To express the given equation $2a = 3\sqrt{a}$ in the standard form of a quadratic equation, $Ax^2 + Bx + C = 0$, we follow these steps:

1. Eliminate the square root: Square both sides of the equation. $(2a)^2 = (3\sqrt{a})^2$ $4a^2 = 9a$

2. Rearrange into standard form: Move all terms to one side to set the equation equal to zero. $4a^2 - 9a = 0$

3. Identify coefficients: The standard form of a quadratic equation is typically written as $Ax^2 + Bx + C = 0$. In this case, the variable is 'a'. So, comparing $4a^2 - 9a + 0 = 0$ with $Aa^2 + Ba + C = 0$: $A = 4$ $B = -9$ $C = 0$

4. Calculate the sum of coefficients: The question asks for $a+b+c$. It is implied that $a, b, c$ here refer to the coefficients of the standard quadratic equation.
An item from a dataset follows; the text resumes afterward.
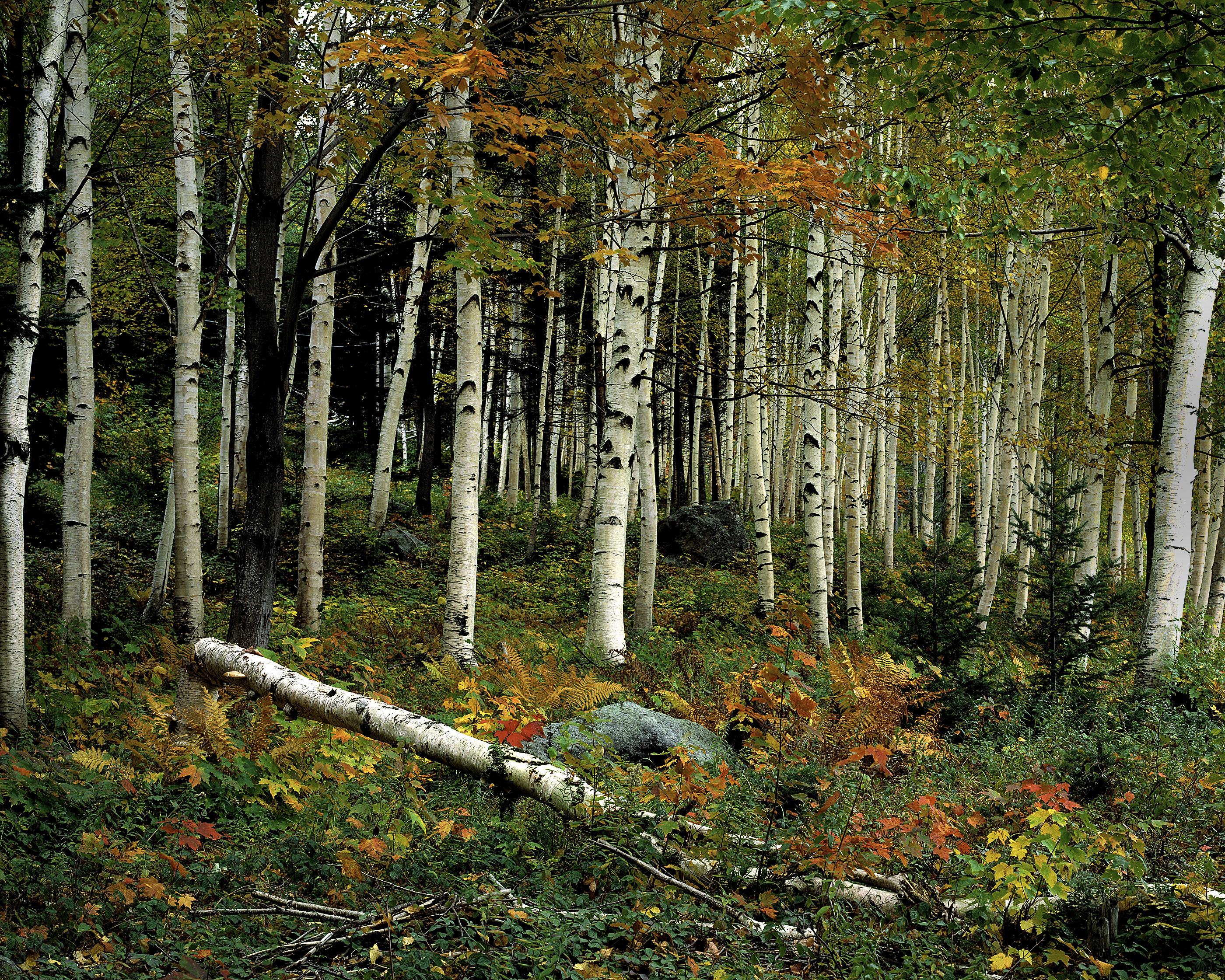 Birch Grove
So, we need to find $A+B+C$. $A+B+C = 4 + (-9) + 0$ $A+B+C = 4 - 9$ $A+B+C = -5$

The condition $a \neq 0$ is given to ensure that $\sqrt{a}$ is well-defined and positive if 'a' is real and positive, and also to exclude $a=0$ as a solution if we were solving for 'a'. However, for forming the quadratic equation and finding the sum of its coefficients, this condition does not change the coefficients themselves. The quadratic equation $4a^2 - 9a = 0$ has solutions $a=0$ and $a=9/4$. When considering the original equation $2a=3\sqrt{a}$ and the condition $a \neq 0$, only $a=9/4$ is the valid solution. But the question is about the coefficients of the equation itself, not its solution.